Les médias, 4e pouvoir ? Examinons cela d’un peu plus près. Les médias, dans toute leur diversité, ont du pouvoir. Cela, d’aucun ne le conteste. Depuis l’avènement des médias 2.0, alias les réseaux sociaux, le paradigme a changé : du spectateur impuissant face à la pensée dominante, qui lui est « infligée » par des journalistes, nous sommes passé au stade de spectateur – acteur, lui-même producteur de l’info, et non seulement consommateur. C’est ce qui a donné tout leur pouvoir aux réseaux sociaux.
Les médias traditionnels l’ont vite compris, et ils s’adaptent pour s’accrocher à ce qui leur reste de pouvoir. Car oui, du pouvoir, ils en ont. Le cas Trump est là pour en attester.
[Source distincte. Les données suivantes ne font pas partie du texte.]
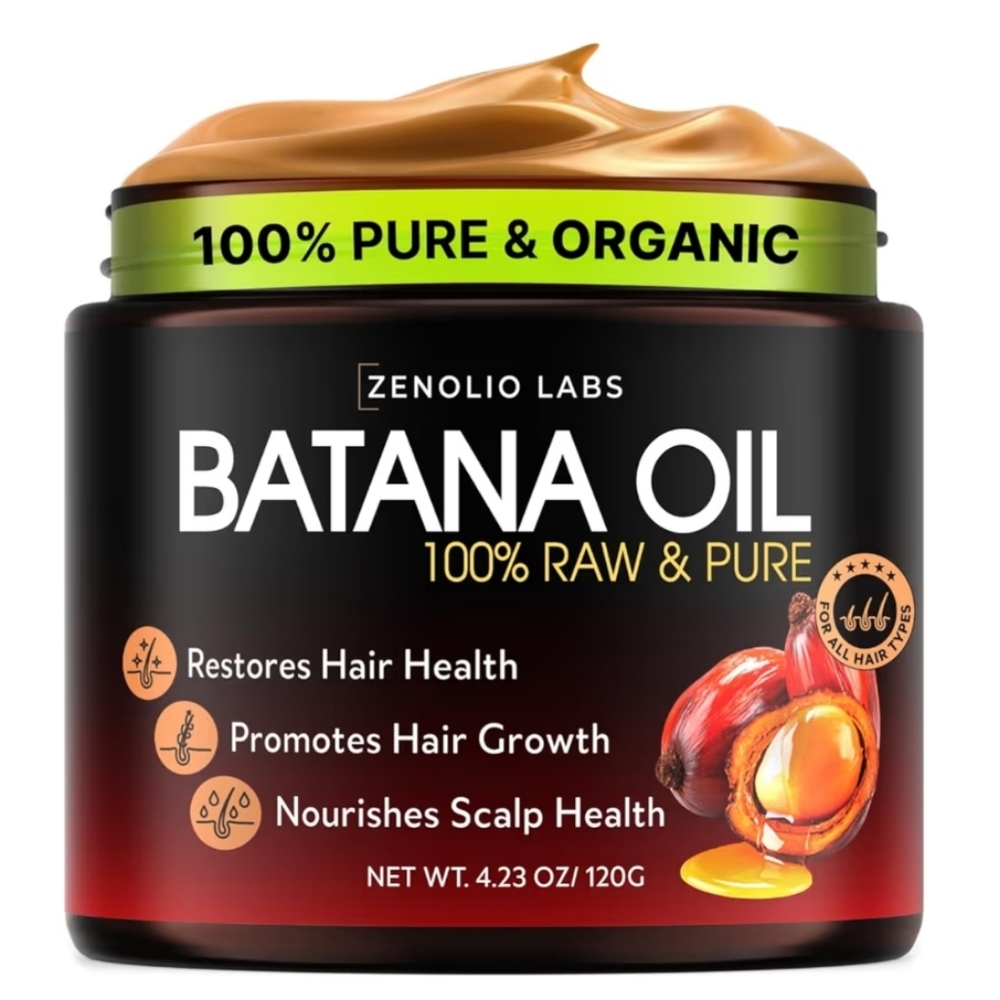 Organic Batana Oil for Hair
L’ex-président américain a fait des émules en taxant les médias, tous les médias, de « fake-news ». Du coup, il communiquait exclusivement sur Twitter. Ironie du sort, Donald Trump s’est fait bannir de Twitter, mais aussi de Facebook, Instagram et Snapchat. Comme quoi tous les médias se valent, finalement (fatalement ?). Via des clubs privés comme « Le Siècle », qui a fait l’objet d’un documentaire choc que nous ne pouvons que vous recommander (basé sur le livre Les Chiens de garde), les médias exercent un pouvoir réel en politique, mais aussi sur la société. Décryptage !
Du rôle et de l’influence politique des médias
Sans liberté d’expression, pas de démocratie. Le constat est signé Tocqueville qui, dans son ouvrage intitulé De la Démocratie en Amérique, prend l’exemple des mouvements démocratiques modernes de la société américaine pour aborder le thème de la presse. Tocqueville, comme d’autres auteurs de sa trempe, définit un triple rôle aux médias, à savoir critiquer le pouvoir, éduquer les foules et créer du lien social. Pour lui, les médias sont le garant de la liberté, mais aussi d’une forme de conscience politique. Cela dit, cette vision « tocquevilienne » est loin d’être unanime.
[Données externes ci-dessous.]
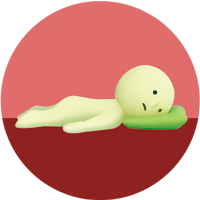 Nap Time - Smiski Living Series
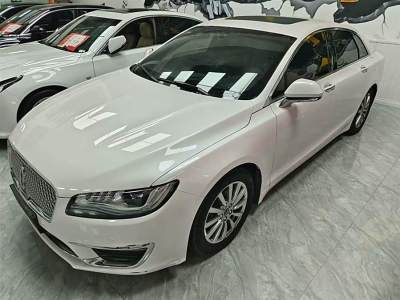 2019年6月 林肯 MKZ 2.0T 尊享版 国V图片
Pour autant, nier le rôle que jouent les médias dans les démocraties modernes serait un contresens pur. Après tout, c’est aux médias que revient la charge d’informer les citoyens, l’effet pervers étant que la presse informative a peu à peu laissé place à la presse « influenceuse », qui déforment les perceptions et manipulent les opinions. Car il ne faut pas perdre de vue que c’est l’économie qui fait la politique, et non l’inverse. La question du pouvoir de l’argent dans les médias, et partant de là en politique, n’est jamais bien loin. Après tout, les médias sont des entreprises, détenues par le capital, et ayant obligation de rentabilité. Parfois, cela passe par une ligne éditoriale lisse à certains égards, et agressive à d’autres.
Traditionnellement, les médias ont depuis longtemps été considérés comme le 4e pouvoir en démocratie. Leur rôle est clair : faire contrepoids aux trois autres pouvoirs que sont l’exécutif, le législatif et le judiciaire. Dans son acception classique, la presse a vocation à critiquer le pouvoir, comme l’a fait remarquer Tocqueville, bien avant que ne soit formulée l’idée même des réseaux sociaux. Tocqueville avait tout bon.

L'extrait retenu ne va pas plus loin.